Saturday, October 01, 2011

Much to the dismay of the various assortment of BLOG TO COMM-haters out there,  I managed to whip this weekender up in no time flat which I hope satiates whatever rockism-oriented cravings you might have had since my last posting way back on Wednesday. It's a purty nice edition too with some interesting finds and whatnot that, although perhaps not quite as tingling to you as it should be, really got me all hot and bothered just like I woulda gotten during my mid/late-teens discovering the inner workings of the Big Beat for the first time. And yeah, those days are long gone and maybe I should start to act "grown up" like way too many Margarets in my life have told me ever since I was three, but gosh-it-all if hearing some great high energy rocker careen through the hidden maze of my brain ain't enough to reaffirm my mere existence in this sick, sad world of ours. And maybe if you tried it for once in your life you'd feel the same way too. I mean, don't surrender to yourself, surrender to Sky Saxon!

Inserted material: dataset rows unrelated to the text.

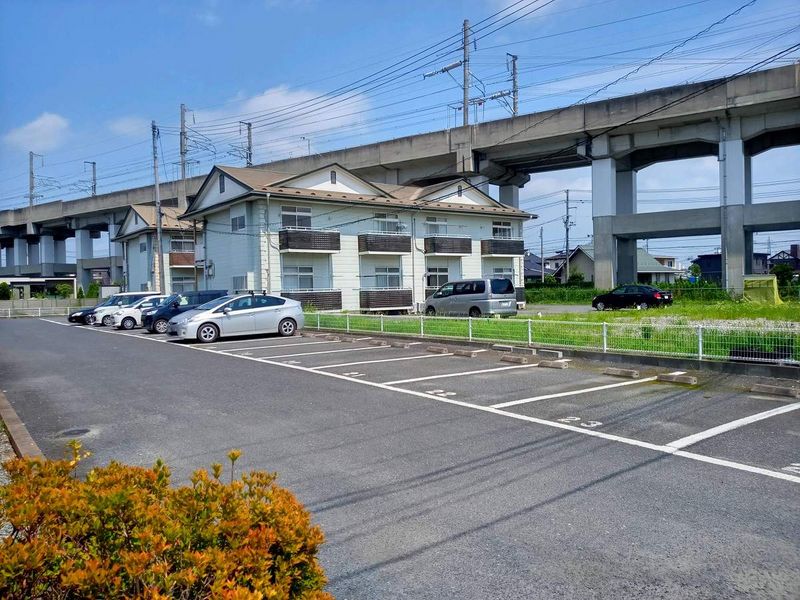 レオパレス葉音 駐車場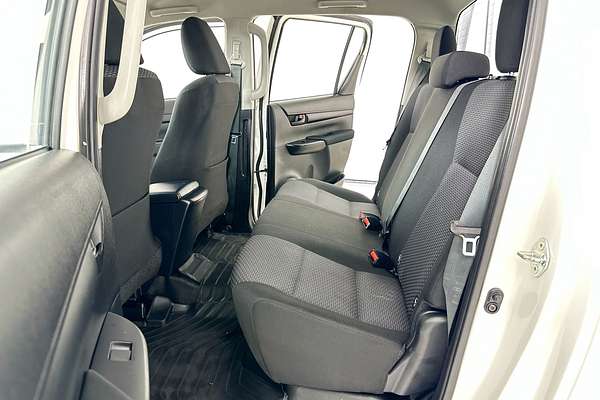 2022 Toyota HILUX WORKMATE (4x2) TGN121R REAR WHEEL DRIVE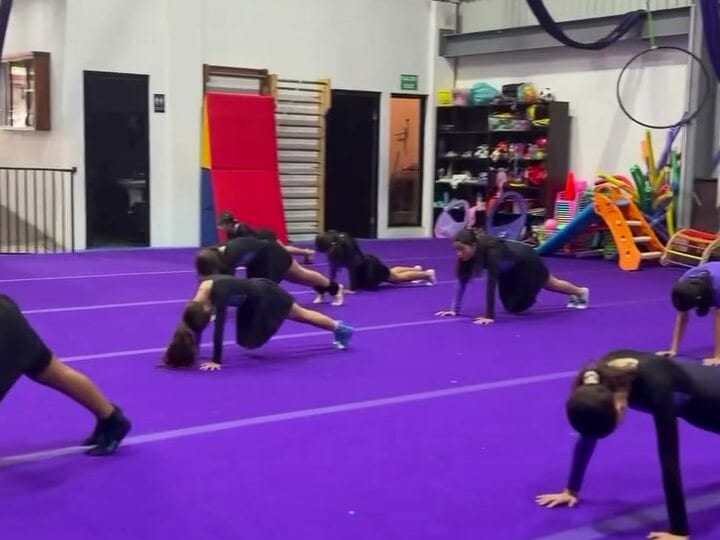 Telas aéreas violetas colgando sobre la pista del galerón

Perhaps thee biggest rockist-related realization that I made this week was the surprise discovery of a long-abandoned yet still up-'n-running Myspace Page devoted to a group that I've been trying to find more and more about for the past five or so years, none other than these New York obscuros who were (and perhaps are) going under the mystical name of (S. C.) Kleiner's Kabalah Syringe. Well, it sure did help in googling the group's correct name (I believe that I was typing in "Calabash" or "Calabah" 'stead of the proper word) but hey, after discovering this group via a live as it happened cybercast from the CB's 313 Gallery way back in the mid oh-oh's I must say that I was more than a little impressed with what I saw and heard and it sure pains me that a simple mistake such as a misspelling has kept me from knowing more about this boffo act for years on end! If only my memory had been a little bit sharper maybe you woulda been readin' 'bout 'em in a 2005 post 'stead of in the here and now, but as the ancient sage used to say "better late than sterile"!

 After writing this interesting batch off as yet one of a million great high energy rock groups who didn't even make it to first base (in most cases, a second gig) it's sure great to know that not only is there some documented info on the Syringe out there, but that their Myspace page also has about a half hour of music available that I'm just gonna hafta download onto a platter for my own enjoyment, if only I can figure out how... And yeah, the group does have a CD out on the spiffily-titled Urinopolis label, but you try findin' a copy because heaven knows I can't! At least my own private press'll keep me sated until the obscure object of desire does make its way into my paws which I personally hope will be a whole lot sooner'n the length of time it took for me to finally get to hear Rocket From The Tombs' rendition of "Sonic Reducer"!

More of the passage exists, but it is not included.